DATASET EXCERPT =

++++

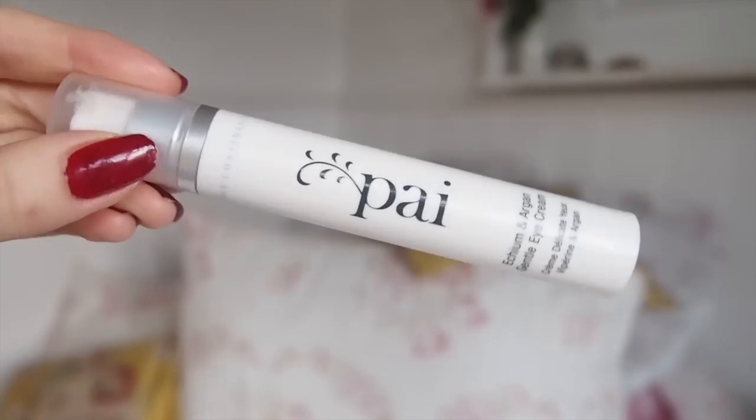Last but not least is their eye cream - the Etcham and Argan Gentle Eye Cream. It retails for £32. It's very gentle, nice and hydrating but not too heavy. I use it daytime and nighttime. One downside is you can't see how much product is left because of the opaque packaging. I know someone on Instagram with really dry eyelids who says this is the only product that really works for her. For me, I would repurchase it, but I'd probably try other eye creams first - it's not holy grail status, but it's still really good.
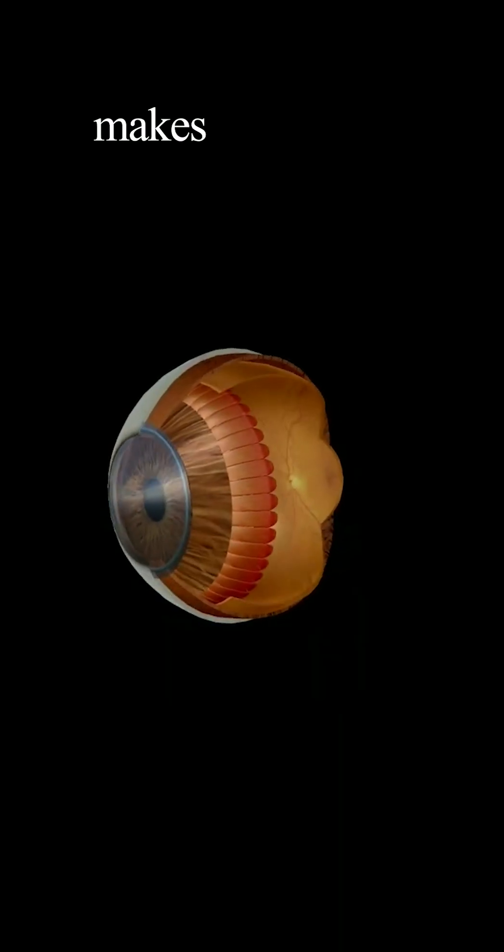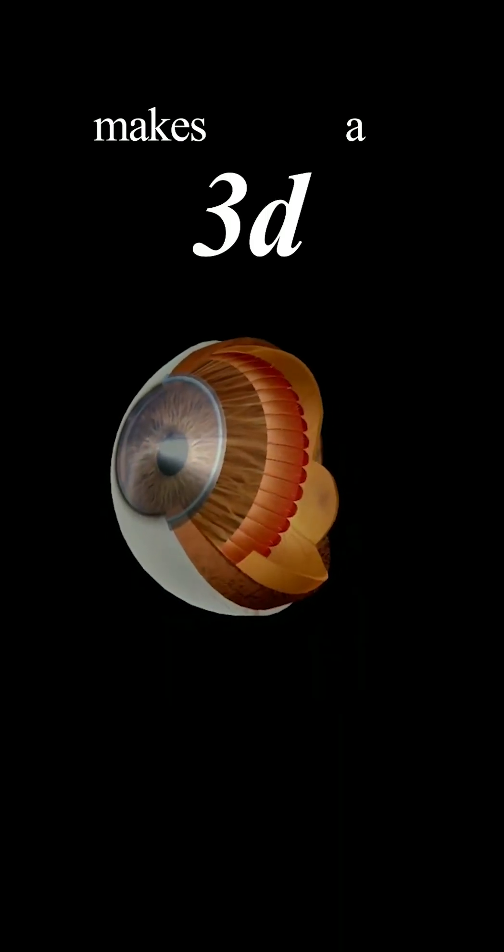Now, how does it work? This technology helps me customize a treatment plan especially for your eye. This imaging tool makes a 3D image of your eye, called the Eye Avatar.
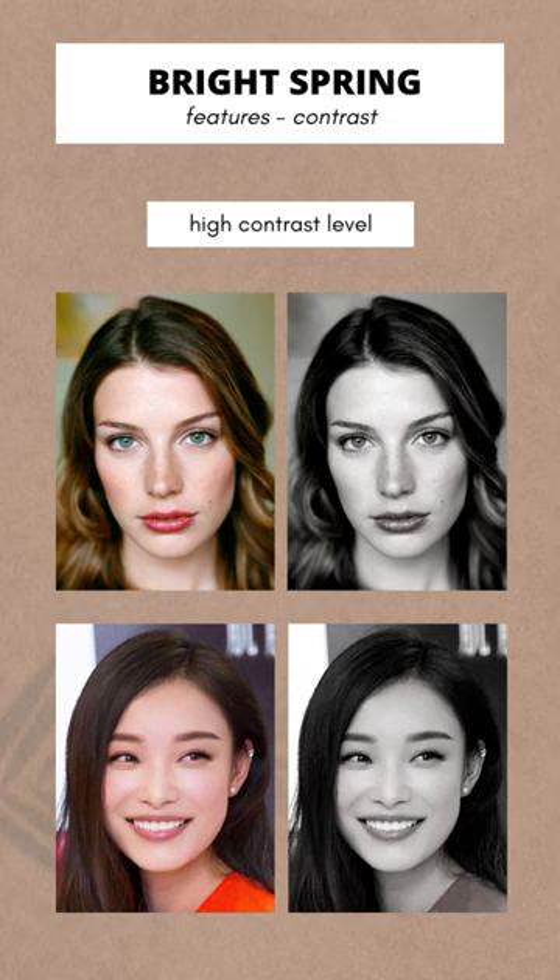Here are your color dimensions. Here are some bright spring celebrities. Are you a bright spring? Let me know in the comments.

++++

PROBLEM REQUIREMENTS = Copy every line of the data exactly as written, excluding the pictures.

EXERCISE SOLUTION =
Last but not least is their eye cream - the Etcham and Argan Gentle Eye Cream. It retails for £32. It's very gentle, nice and hydrating but not too heavy. I use it daytime and nighttime. One downside is you can't see how much product is left because of the opaque packaging. I know someone on Instagram with really dry eyelids who says this is the only product that really works for her. For me, I would repurchase it, but I'd probably try other eye creams first - it's not holy grail status, but it's still really good.
Now, how does it work? This technology helps me customize a treatment plan especially for your eye. This imaging tool makes a 3D image of your eye, called the Eye Avatar.
Here are your color dimensions. Here are some bright spring celebrities. Are you a bright spring? Let me know in the comments.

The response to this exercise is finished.